TASK TO CARRY OUT: Transcribe the records in their entirety, exactly as given.

[[ DATA EXTRACTS open ]]

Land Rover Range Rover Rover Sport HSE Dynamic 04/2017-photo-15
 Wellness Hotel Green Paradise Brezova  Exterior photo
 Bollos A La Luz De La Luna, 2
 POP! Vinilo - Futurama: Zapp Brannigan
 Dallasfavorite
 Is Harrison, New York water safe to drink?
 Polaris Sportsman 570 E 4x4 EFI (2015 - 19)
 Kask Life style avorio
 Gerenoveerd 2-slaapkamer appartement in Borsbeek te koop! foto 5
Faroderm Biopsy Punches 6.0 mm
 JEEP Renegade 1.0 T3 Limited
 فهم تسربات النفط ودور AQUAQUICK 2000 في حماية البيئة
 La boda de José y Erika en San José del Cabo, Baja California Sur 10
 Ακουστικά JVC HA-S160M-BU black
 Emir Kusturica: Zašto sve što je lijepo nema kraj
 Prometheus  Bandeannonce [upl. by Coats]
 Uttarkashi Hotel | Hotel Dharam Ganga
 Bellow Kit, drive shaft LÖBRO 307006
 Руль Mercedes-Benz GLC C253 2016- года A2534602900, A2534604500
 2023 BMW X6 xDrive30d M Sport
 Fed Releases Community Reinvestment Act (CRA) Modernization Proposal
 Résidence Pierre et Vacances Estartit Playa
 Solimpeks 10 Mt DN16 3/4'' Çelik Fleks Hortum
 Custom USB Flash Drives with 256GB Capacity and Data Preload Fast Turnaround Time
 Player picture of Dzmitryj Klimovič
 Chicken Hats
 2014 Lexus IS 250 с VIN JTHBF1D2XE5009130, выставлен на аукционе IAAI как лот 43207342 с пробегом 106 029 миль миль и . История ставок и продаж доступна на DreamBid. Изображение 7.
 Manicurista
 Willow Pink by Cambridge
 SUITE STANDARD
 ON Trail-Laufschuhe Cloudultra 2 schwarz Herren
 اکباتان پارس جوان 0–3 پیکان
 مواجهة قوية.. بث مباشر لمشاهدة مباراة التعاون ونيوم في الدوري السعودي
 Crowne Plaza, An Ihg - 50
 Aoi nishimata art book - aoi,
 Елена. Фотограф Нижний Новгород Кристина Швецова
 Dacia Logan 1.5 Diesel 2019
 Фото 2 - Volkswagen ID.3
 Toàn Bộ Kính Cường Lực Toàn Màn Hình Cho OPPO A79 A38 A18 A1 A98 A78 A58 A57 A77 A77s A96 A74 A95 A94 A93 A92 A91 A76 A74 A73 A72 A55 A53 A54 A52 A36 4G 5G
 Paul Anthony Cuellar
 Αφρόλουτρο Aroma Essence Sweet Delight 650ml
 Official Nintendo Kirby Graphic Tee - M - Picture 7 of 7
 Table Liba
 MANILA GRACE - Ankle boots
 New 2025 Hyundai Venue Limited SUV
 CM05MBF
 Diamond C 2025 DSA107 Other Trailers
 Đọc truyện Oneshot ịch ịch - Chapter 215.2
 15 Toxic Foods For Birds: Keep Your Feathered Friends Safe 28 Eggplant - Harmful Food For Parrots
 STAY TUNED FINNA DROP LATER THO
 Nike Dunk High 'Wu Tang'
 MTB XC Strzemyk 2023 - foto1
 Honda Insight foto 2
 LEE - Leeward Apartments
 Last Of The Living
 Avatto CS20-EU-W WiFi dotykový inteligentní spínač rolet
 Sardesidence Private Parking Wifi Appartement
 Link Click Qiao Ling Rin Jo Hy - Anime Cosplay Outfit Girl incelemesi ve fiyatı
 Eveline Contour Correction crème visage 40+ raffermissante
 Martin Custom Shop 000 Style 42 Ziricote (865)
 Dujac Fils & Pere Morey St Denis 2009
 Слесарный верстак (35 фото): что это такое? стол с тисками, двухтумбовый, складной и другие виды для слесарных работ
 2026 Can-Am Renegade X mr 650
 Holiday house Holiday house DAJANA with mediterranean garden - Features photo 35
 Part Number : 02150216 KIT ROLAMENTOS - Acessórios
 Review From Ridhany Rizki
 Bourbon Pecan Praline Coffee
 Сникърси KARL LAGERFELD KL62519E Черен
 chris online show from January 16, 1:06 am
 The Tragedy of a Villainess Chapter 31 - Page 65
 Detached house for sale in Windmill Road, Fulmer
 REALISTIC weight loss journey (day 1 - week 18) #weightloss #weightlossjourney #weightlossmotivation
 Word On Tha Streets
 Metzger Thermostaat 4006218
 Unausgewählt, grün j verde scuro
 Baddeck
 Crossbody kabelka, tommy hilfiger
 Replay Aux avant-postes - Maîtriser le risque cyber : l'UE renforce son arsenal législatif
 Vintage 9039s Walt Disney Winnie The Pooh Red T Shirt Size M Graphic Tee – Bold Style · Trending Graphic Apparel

[[ DATA EXTRACTS closed ]]

FINISHED EXERCISE:
Land Rover Range Rover Rover Sport HSE Dynamic 04/2017-photo-15
 Wellness Hotel Green Paradise Brezova  Exterior photo
 Bollos A La Luz De La Luna, 2
 POP! Vinilo - Futurama: Zapp Brannigan
 Dallasfavorite
 Is Harrison, New York water safe to drink?
 Polaris Sportsman 570 E 4x4 EFI (2015 - 19)
 Kask Life style avorio
 Gerenoveerd 2-slaapkamer appartement in Borsbeek te koop! foto 5
Faroderm Biopsy Punches 6.0 mm
 JEEP Renegade 1.0 T3 Limited
 فهم تسربات النفط ودور AQUAQUICK 2000 في حماية البيئة
 La boda de José y Erika en San José del Cabo, Baja California Sur 10
 Ακουστικά JVC HA-S160M-BU black
 Emir Kusturica: Zašto sve što je lijepo nema kraj
 Prometheus  Bandeannonce [upl. by Coats]
 Uttarkashi Hotel | Hotel Dharam Ganga
 Bellow Kit, drive shaft LÖBRO 307006
 Руль Mercedes-Benz GLC C253 2016- года A2534602900, A2534604500
 2023 BMW X6 xDrive30d M Sport
 Fed Releases Community Reinvestment Act (CRA) Modernization Proposal
 Résidence Pierre et Vacances Estartit Playa
 Solimpeks 10 Mt DN16 3/4'' Çelik Fleks Hortum
 Custom USB Flash Drives with 256GB Capacity and Data Preload Fast Turnaround Time
 Player picture of Dzmitryj Klimovič
 Chicken Hats
 2014 Lexus IS 250 с VIN JTHBF1D2XE5009130, выставлен на аукционе IAAI как лот 43207342 с пробегом 106 029 миль миль и . История ставок и продаж доступна на DreamBid. Изображение 7.
 Manicurista
 Willow Pink by Cambridge
 SUITE STANDARD
 ON Trail-Laufschuhe Cloudultra 2 schwarz Herren
 اکباتان پارس جوان 0–3 پیکان
 مواجهة قوية.. بث مباشر لمشاهدة مباراة التعاون ونيوم في الدوري السعودي
 Crowne Plaza, An Ihg - 50
 Aoi nishimata art book - aoi,
 Елена. Фотограф Нижний Новгород Кристина Швецова
 Dacia Logan 1.5 Diesel 2019
 Фото 2 - Volkswagen ID.3
 Toàn Bộ Kính Cường Lực Toàn Màn Hình Cho OPPO A79 A38 A18 A1 A98 A78 A58 A57 A77 A77s A96 A74 A95 A94 A93 A92 A91 A76 A74 A73 A72 A55 A53 A54 A52 A36 4G 5G
 Paul Anthony Cuellar
 Αφρόλουτρο Aroma Essence Sweet Delight 650ml
 Official Nintendo Kirby Graphic Tee - M - Picture 7 of 7
 Table Liba
 MANILA GRACE - Ankle boots
 New 2025 Hyundai Venue Limited SUV
 CM05MBF
 Diamond C 2025 DSA107 Other Trailers
 Đọc truyện Oneshot ịch ịch - Chapter 215.2
 15 Toxic Foods For Birds: Keep Your Feathered Friends Safe 28 Eggplant - Harmful Food For Parrots
 STAY TUNED FINNA DROP LATER THO
 Nike Dunk High 'Wu Tang'
 MTB XC Strzemyk 2023 - foto1
 Honda Insight foto 2
 LEE - Leeward Apartments
 Last Of The Living
 Avatto CS20-EU-W WiFi dotykový inteligentní spínač rolet
 Sardesidence Private Parking Wifi Appartement
 Link Click Qiao Ling Rin Jo Hy - Anime Cosplay Outfit Girl incelemesi ve fiyatı
 Eveline Contour Correction crème visage 40+ raffermissante
 Martin Custom Shop 000 Style 42 Ziricote (865)
 Dujac Fils & Pere Morey St Denis 2009
 Слесарный верстак (35 фото): что это такое? стол с тисками, двухтумбовый, складной и другие виды для слесарных работ
 2026 Can-Am Renegade X mr 650
 Holiday house Holiday house DAJANA with mediterranean garden - Features photo 35
 Part Number : 02150216 KIT ROLAMENTOS - Acessórios
 Review From Ridhany Rizki
 Bourbon Pecan Praline Coffee
 Сникърси KARL LAGERFELD KL62519E Черен
 chris online show from January 16, 1:06 am
 The Tragedy of a Villainess Chapter 31 - Page 65
 Detached house for sale in Windmill Road, Fulmer
 REALISTIC weight loss journey (day 1 - week 18) #weightloss #weightlossjourney #weightlossmotivation
 Word On Tha Streets
 Metzger Thermostaat 4006218
 Unausgewählt, grün j verde scuro
 Baddeck
 Crossbody kabelka, tommy hilfiger
 Replay Aux avant-postes - Maîtriser le risque cyber : l'UE renforce son arsenal législatif
 Vintage 9039s Walt Disney Winnie The Pooh Red T Shirt Size M Graphic Tee – Bold Style · Trending Graphic Apparel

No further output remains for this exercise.